As can be seen in Table 2, all three of the proposed sample frames capture districts which are on average higher in expenditure, rural population and person days worked than the full population and audit sample. This was achieved while maintaining the random nature and geographic spread of the original sample. The maps highlight that the targeted samples concentrate proportionally more on districts in high-intensity areas, which is desirable. For example, Andhra Pradesh has a large rural population and high level of NREGA spending, as was seen in the maps above.
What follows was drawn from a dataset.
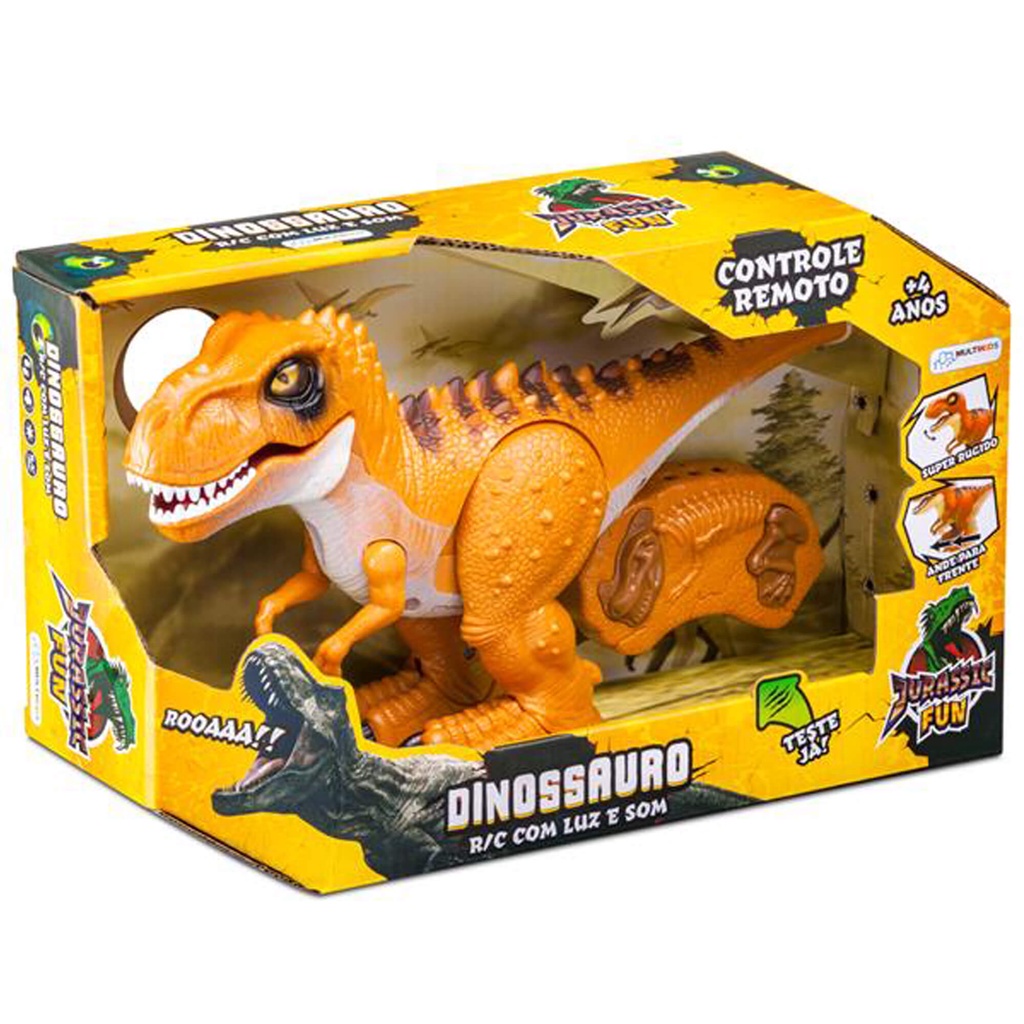 Brinquedo Dinossauro Tiranossauro Rex Anda com Luz e Som Controle Remoto Jurassic Fun Boneco - BR1461 em Oferta na Shopee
While only 4 of Andhra Pradesh's 22 districts were selected in the original performance audit, these three sampling methods would have resulted in between 12 and 16 of Andhra Pradesh's districts being included in the sample. This would give a much more in-depth look at the implementation levels of NREGA in these areas where the intensity of both need and implementation are highest.
Table 2. District Characteristics |
Hypothetical sampling frame based on… |
Characteristics of… |
All NREGA districts |
Sample 0: Actual performance audit sample |
Sample 1: Rural population |
Sample 2: Person-days |
Sample 3: Expenditure |
Rural Population (mean in lakh) |
1.34 |
1.40 |
1.84 |
1.47 |
1.59 |
Total Person Days Worked (mean in lakh) |
3.22 |
3.39 |
4.48 |
5.13 |
4.95 |
MGNREGA Expenditure (mean in crore ₹) |
54.78 |
57.91 |
74.60 |
77.05 |
82.79 |
Number ofdistricts |
624 |
179 |
187 |
185 |
184 |
Outcomes under this sampling mechanism
For each of the three proposed samples, a variety of MIS variables were computed and compared to those outcomes for the audit sample. This gives a sense of what might have been found at the ground level, and could be used as indicative data in determining the focus of the audit. Though the MIS data has been criticized as containing some inaccuracies14, so long as these inaccuracies are broadly consistent across districts, this does not negate the usefulness of the data in determining relative levels of the indicators of interest. Moreover, the use of logical checks within the MIS data can uncover likely instances of falsification, which can be further explored on the ground15.
Recall that each of the three samples is representative of the average rural person, person-day of NREGA work, or rupee spent on NREGA, respectively. Thus, where the sample has a higher value of an indicator than the country as a whole (seen in "All NREGA Districts" in Table 3), this suggests that the indicator has higher values in higher-intensity areas. By contrast, where there is a lower value, this suggests that there may be less of a problem in higher-intensity areas.
Outcomes considered:
Table 3 shows key outcomes under each sample for variables related to: (1) expenditure, (2) works, (3) job cards, and (4) 'logical checks,' which indicate discrepancies in the MIS data. We will highlight key findings for this sampling approach generally and for each of the samples specifically.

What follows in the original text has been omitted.